### Task objective
Gather all lines in the records below that include the word "Owned".
##### Given data #####
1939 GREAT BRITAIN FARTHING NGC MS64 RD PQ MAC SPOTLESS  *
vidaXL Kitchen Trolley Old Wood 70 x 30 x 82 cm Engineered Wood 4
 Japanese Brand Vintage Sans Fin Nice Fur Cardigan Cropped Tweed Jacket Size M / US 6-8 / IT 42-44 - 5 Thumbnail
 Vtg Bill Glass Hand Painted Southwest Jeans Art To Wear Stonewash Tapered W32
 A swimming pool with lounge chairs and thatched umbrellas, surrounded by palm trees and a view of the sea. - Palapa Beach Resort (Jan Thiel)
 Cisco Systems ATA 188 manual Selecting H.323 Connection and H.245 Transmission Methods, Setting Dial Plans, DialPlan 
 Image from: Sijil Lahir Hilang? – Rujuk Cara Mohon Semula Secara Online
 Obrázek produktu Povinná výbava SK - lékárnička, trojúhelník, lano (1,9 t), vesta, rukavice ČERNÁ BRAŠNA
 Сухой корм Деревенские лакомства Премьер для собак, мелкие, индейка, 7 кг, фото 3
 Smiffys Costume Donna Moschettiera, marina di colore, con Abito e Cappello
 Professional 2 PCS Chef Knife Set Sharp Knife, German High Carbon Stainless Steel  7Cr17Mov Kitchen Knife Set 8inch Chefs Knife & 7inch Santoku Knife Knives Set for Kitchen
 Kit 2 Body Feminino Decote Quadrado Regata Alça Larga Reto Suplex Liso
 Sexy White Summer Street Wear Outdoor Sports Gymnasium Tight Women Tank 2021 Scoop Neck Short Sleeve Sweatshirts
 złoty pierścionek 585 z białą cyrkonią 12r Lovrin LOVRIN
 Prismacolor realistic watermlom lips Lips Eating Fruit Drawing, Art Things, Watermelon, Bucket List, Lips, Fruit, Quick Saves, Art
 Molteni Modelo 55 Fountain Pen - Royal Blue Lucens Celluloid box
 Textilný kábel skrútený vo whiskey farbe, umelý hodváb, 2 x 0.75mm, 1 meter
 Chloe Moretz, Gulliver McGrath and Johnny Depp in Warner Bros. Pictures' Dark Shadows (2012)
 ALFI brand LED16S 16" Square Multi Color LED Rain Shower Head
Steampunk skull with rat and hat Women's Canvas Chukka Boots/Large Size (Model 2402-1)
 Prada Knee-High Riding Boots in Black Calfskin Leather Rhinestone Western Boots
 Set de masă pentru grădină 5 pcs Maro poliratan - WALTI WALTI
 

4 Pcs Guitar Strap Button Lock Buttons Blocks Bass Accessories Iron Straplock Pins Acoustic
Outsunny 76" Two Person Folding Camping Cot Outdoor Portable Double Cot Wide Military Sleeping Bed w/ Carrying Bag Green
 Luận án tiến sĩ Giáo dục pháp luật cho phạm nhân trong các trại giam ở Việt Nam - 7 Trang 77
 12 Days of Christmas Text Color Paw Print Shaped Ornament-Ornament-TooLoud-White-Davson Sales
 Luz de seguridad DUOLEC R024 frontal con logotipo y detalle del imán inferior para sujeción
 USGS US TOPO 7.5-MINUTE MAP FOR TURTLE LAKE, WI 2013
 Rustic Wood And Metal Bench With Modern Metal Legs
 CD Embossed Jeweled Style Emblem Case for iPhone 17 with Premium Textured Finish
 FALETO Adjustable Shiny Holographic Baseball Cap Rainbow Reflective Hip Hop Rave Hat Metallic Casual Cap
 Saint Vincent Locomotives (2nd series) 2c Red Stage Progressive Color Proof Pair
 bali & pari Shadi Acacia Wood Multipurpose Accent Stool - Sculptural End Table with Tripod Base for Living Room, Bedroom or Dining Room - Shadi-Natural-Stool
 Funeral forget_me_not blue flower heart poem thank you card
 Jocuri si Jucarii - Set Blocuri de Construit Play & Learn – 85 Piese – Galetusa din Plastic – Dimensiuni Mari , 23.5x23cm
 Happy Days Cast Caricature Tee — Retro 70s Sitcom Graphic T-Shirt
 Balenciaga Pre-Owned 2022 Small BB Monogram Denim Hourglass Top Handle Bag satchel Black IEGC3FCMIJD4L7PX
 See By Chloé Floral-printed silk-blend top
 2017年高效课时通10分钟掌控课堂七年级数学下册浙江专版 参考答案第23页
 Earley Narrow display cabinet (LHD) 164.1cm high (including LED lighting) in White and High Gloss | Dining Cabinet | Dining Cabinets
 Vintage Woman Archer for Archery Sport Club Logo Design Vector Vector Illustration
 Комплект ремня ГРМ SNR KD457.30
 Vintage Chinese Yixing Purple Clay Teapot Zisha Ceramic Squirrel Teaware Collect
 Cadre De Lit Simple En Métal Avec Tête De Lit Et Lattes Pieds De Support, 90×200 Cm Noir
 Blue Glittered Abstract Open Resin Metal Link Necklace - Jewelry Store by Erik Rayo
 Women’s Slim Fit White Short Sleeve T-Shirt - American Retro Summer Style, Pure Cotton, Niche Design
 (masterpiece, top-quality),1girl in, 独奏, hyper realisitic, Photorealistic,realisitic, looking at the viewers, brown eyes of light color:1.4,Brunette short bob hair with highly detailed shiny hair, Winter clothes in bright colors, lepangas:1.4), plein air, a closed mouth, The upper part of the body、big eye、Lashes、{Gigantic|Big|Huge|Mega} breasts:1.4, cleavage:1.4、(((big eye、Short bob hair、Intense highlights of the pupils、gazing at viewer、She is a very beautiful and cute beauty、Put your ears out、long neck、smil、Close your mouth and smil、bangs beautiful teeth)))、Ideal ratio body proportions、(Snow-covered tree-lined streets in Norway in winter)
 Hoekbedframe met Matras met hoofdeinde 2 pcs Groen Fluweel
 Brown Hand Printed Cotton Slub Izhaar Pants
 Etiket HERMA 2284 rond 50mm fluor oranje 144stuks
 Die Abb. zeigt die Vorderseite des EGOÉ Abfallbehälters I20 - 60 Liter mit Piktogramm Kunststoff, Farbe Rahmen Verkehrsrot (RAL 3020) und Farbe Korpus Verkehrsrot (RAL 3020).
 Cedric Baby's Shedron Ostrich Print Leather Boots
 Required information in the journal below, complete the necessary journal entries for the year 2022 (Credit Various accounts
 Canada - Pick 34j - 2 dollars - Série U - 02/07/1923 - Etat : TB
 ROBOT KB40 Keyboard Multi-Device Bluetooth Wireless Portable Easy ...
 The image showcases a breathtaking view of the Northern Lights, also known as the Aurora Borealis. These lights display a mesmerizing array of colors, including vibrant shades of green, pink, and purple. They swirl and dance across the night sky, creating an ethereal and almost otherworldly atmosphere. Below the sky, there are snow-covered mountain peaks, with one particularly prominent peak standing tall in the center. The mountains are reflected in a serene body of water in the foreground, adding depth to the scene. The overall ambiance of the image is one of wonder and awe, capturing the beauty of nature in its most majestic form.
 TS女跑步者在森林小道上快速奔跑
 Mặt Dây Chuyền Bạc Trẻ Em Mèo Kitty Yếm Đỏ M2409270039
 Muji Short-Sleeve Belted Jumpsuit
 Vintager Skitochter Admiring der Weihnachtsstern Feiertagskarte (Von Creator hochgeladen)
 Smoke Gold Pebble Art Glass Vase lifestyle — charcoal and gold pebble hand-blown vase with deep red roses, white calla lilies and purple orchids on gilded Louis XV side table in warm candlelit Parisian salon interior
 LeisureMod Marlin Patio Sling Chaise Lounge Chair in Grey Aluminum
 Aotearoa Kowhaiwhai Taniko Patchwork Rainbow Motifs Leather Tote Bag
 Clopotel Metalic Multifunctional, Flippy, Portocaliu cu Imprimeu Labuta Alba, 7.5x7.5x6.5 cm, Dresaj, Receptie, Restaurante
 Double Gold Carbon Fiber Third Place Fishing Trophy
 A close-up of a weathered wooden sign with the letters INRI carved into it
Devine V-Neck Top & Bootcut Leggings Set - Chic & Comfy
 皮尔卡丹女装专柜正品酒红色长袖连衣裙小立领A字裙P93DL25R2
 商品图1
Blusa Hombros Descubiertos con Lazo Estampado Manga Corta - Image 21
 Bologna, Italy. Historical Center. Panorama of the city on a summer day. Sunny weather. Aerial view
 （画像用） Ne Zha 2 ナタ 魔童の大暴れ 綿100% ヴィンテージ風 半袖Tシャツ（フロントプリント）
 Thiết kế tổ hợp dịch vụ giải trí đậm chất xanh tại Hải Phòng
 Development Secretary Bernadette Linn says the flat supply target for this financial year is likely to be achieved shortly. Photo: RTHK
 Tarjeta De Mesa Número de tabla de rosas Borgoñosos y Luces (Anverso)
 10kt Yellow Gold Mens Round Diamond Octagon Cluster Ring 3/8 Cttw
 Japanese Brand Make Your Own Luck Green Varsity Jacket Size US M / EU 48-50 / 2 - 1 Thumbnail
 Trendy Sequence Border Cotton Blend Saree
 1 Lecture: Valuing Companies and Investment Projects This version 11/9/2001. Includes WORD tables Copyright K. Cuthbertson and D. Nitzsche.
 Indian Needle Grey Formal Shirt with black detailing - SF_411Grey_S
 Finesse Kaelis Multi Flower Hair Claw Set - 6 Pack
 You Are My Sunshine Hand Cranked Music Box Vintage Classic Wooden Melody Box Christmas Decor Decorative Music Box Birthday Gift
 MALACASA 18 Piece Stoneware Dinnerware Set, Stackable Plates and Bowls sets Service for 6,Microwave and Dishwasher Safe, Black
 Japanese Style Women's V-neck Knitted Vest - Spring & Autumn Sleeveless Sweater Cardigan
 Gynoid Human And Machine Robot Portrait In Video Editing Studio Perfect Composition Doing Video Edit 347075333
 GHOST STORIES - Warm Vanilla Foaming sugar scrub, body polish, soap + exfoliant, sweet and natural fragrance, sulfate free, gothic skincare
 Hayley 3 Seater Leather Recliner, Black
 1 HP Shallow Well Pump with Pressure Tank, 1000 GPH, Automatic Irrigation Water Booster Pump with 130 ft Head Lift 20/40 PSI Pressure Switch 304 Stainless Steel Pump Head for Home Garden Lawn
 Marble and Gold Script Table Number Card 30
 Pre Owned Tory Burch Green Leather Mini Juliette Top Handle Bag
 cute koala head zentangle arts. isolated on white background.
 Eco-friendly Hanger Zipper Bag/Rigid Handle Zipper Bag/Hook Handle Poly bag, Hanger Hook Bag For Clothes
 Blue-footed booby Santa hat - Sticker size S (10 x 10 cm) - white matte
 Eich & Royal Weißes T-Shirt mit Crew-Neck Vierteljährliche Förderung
#####
### Answer box
 Balenciaga Pre-Owned 2022 Small BB Monogram Denim Hourglass Top Handle Bag satchel Black IEGC3FCMIJD4L7PX
 Pre Owned Tory Burch Green Leather Mini Juliette Top Handle Bag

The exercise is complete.